Moody’s: Greece is weak in the face of the ‘spectre’ of stagflation

Her Eleftherias Kourtalis

While Greece appears to be less exposed to a persistently high inflation scenario than the rest of Southern Europe, policy options to combat a stagnant cycle are among the weakest in the European Union, Moody’s warns.

Russia’s invasion of Ukraine has worsened the situation on the supply and demand fronts and pushed inflation to levels not seen in the European Union since the mid-1980s, the house said in today’s analysis.

EU consumer price inflation reached 9.6% in June 2022, the highest level since 1983. Although global supply chain issues that are partly responsible for the recent rise in prices have eased slightly, the businesses continue to report major shortages of equipment and materials.

Although not Moody’s baseline scenario, a complete cutoff of Russian gas supplies would likely intensify these pressures, weaken economic activity and increase the risk of a stagnant inflationary environment.

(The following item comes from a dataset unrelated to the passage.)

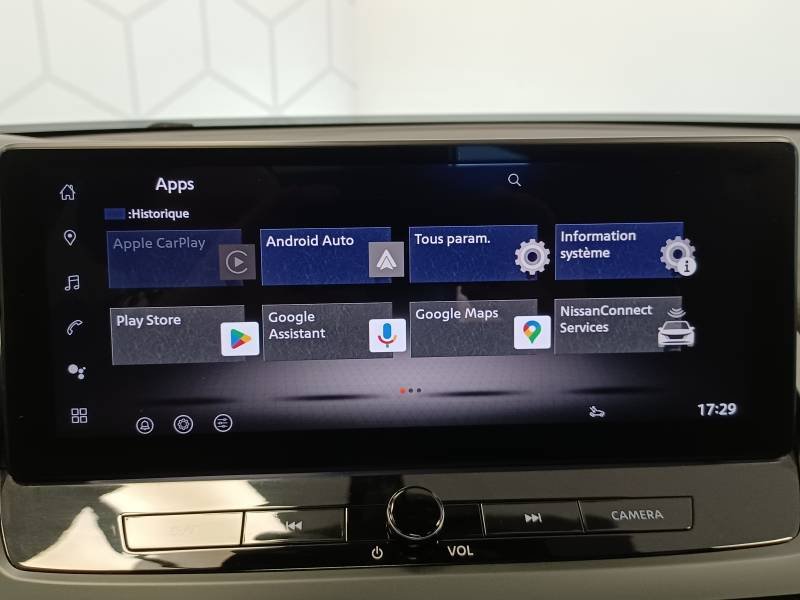 Nissan Qashqai - Photo 19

Based on their weaker economic growth, greater exposure to entrenched inflation and limited policy options, Southern European states appear more exposed to a stagflation scenario, which is, in Moody’s view, a multi-year period during in which inflation remains significantly higher than in recent decades, while real GDP growth remains significantly lower, at or near zero.

Most central banks in Central and Eastern Europe have already started raising interest rates in response to inflation, but slowing economic growth, increased debt burdens and a divergence in the business cycle will complicate the European Central Bank’s efforts. “Although the ECB has raised interest rates, the indicative Taylor rule suggests that its monetary policy is too expansionary for the three main EU economies and the euro area as a whole. If its actions continue to lag the Fed’s, the euro will could continue to depreciate and further fuel inflation,” Moody’s warns.

Southern Europe is in any case more exposed to a stagflation scenario.

Malta, Cyprus, Portugal, Slovenia and Croatia are more vulnerable because they are more likely to see transitory price increases become permanent and have relatively low policy options.

Although Italy, France and Spain are less vulnerable to inflation, already high debt levels, increasing exposure to floating interest rates and significant principal and interest payments due over the next 12 months increase risks.

Finally, as the house emphasizes, Greece and Romania seem to be less exposed to a scenario of “entrenched” inflation, however the policy possibilities for combating a stagnant inflationary cycle are among the weakest in the EU.